→ **REQUIRED WORK**
Pictures aside, copy exactly the lines running from the one with "Creating Database and" to the end of the records.

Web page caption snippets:

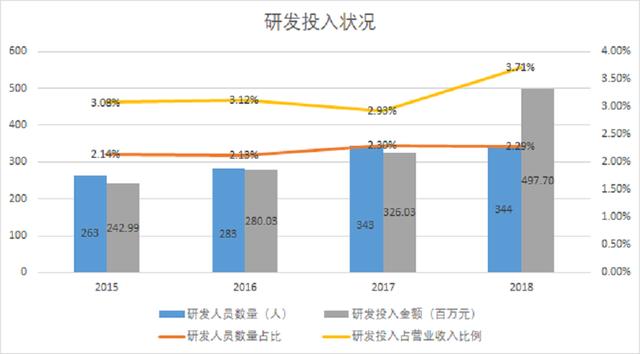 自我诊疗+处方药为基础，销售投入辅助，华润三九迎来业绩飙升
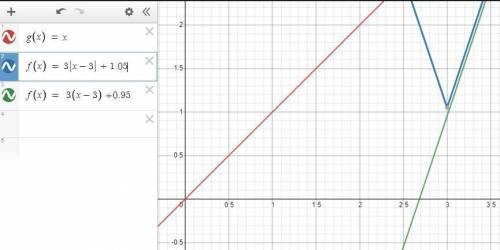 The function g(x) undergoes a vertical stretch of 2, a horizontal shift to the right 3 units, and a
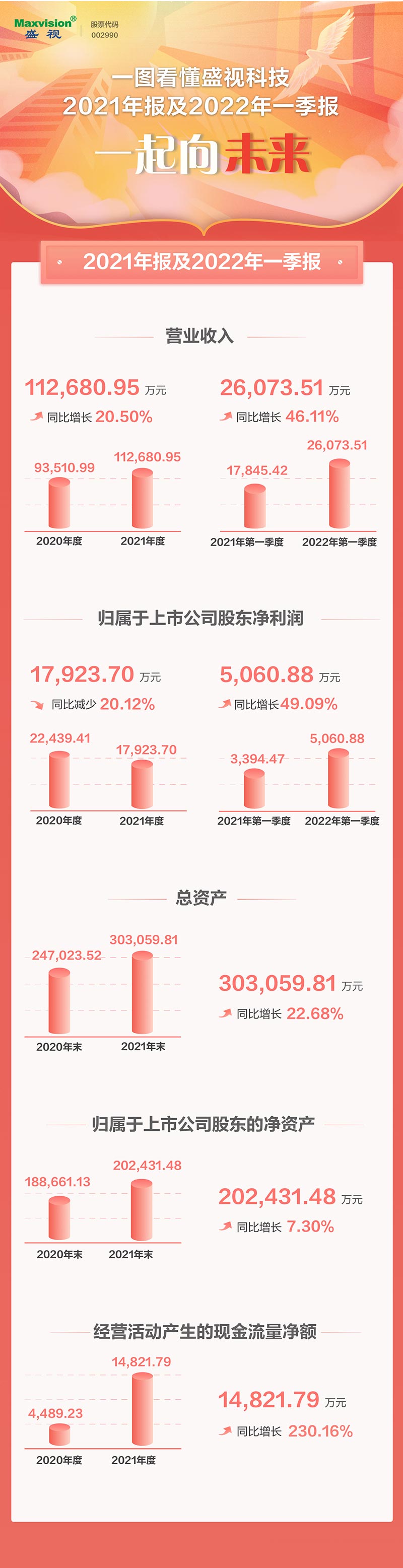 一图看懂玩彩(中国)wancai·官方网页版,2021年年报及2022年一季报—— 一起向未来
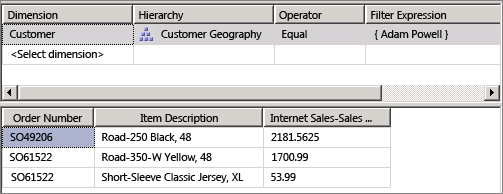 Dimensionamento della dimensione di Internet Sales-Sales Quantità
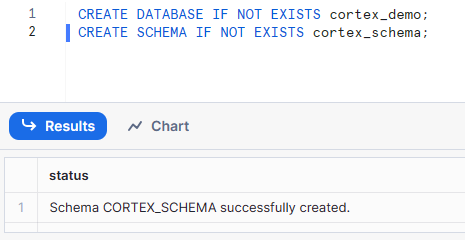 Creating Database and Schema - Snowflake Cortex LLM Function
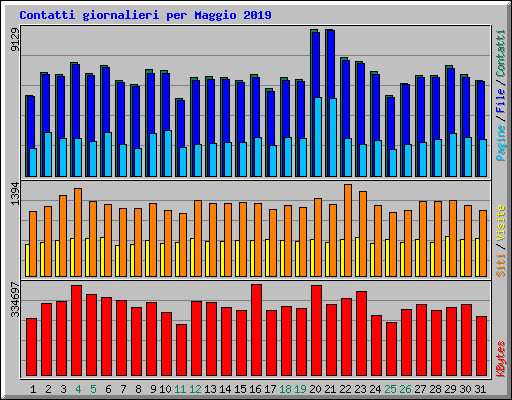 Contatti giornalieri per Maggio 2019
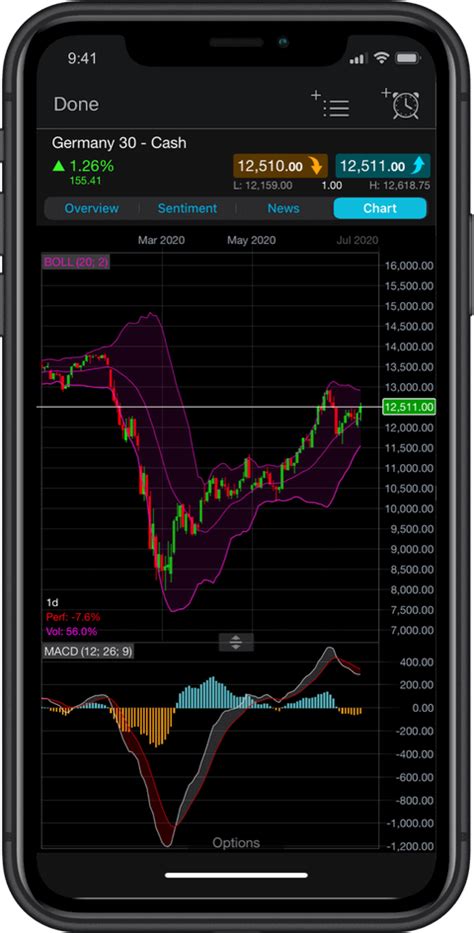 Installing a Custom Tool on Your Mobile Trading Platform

→ **RESULT FOR THIS TASK**
 Creating Database and Schema - Snowflake Cortex LLM Function
 Contatti giornalieri per Maggio 2019
 Installing a Custom Tool on Your Mobile Trading Platform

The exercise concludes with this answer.